Since our last update in May, Chatham Rock Phosphate’s (CRP) momentum has slowed. Delays to regulatory approval processes have weighed on confidence and investor sentiment. Following a soft result from a recent public offer, CRP has launched a new success-linked share offer to bridge it to and beyond separate consenting and approval processes. Our unrisked valuation rises slightly to NZ$2.04/share.
Progress stalls with approvals
In our last Update in May we highlighted an upswing in forward momentum by CRP, underpinned by increasing clarity towards regulatory processes and timelines. Explicit positive sentiment received by CRP from government authorities in April, informing that its mining permit application would be treated with priority, has yet to bear fruit. Uncertainty has weighed on investor confidence, which was an undertone to a weak result from a recently completed public capital raising.
Focus on funding and work programme
In June CRP launched, and in July completed, an on-market public offer to raise what it hoped would be the final tranche of pre-production capital it would need. Seeking up to NZ10m, the offer raised NZ$1.6m. The result sees CRP facing a near term but not unfamiliar funding crunch. We estimate a further NZ$7m is needed to fund its pre-development work programme, the largest component of which will be NZ$3.5m in costs associated with CRP’s application for environmental consents during H114. CRP has launched a further offer to professional investors that, if successful and combined with an assumed early part-exercise of a significant tranche of success-related share options by an existing cornerstone investor, should serve to meet its remaining pre-commissioning capital needs.

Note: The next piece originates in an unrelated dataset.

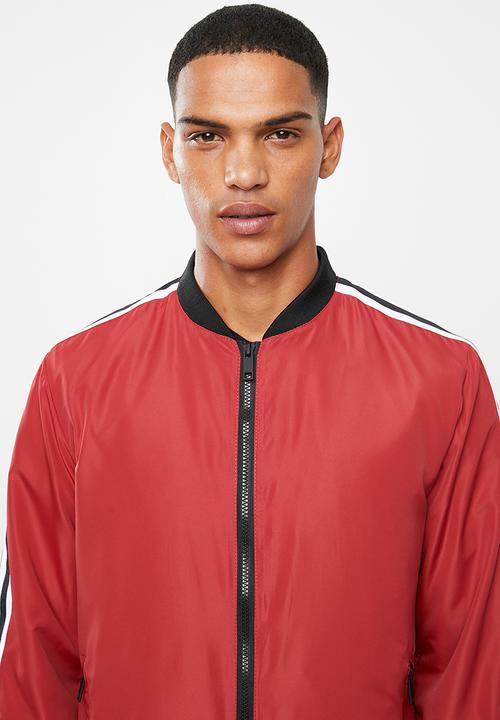 Brave Soul - Axton bomber jacket - multi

Valuation: Stable, but risk profile up
At a minimum, the recasting of its critical path to reflect extended approval processes means CRP is facing a delay of at least six months to the timelines it had been targeting until as recently as June. We assume CRP will receive a response on its mining permit application in October. Following this and securing new capital, a marine consent application can be lodged, the result of which would be expected in late-H114. During this time the technical work programme led by Boskalis, which is currently effectively stalled, can recommence. While our base case valuation lifts slightly to NZ$2.04/share, it importantly now assumes a lower diluted capital base as a result of the early strategic exercising of share options.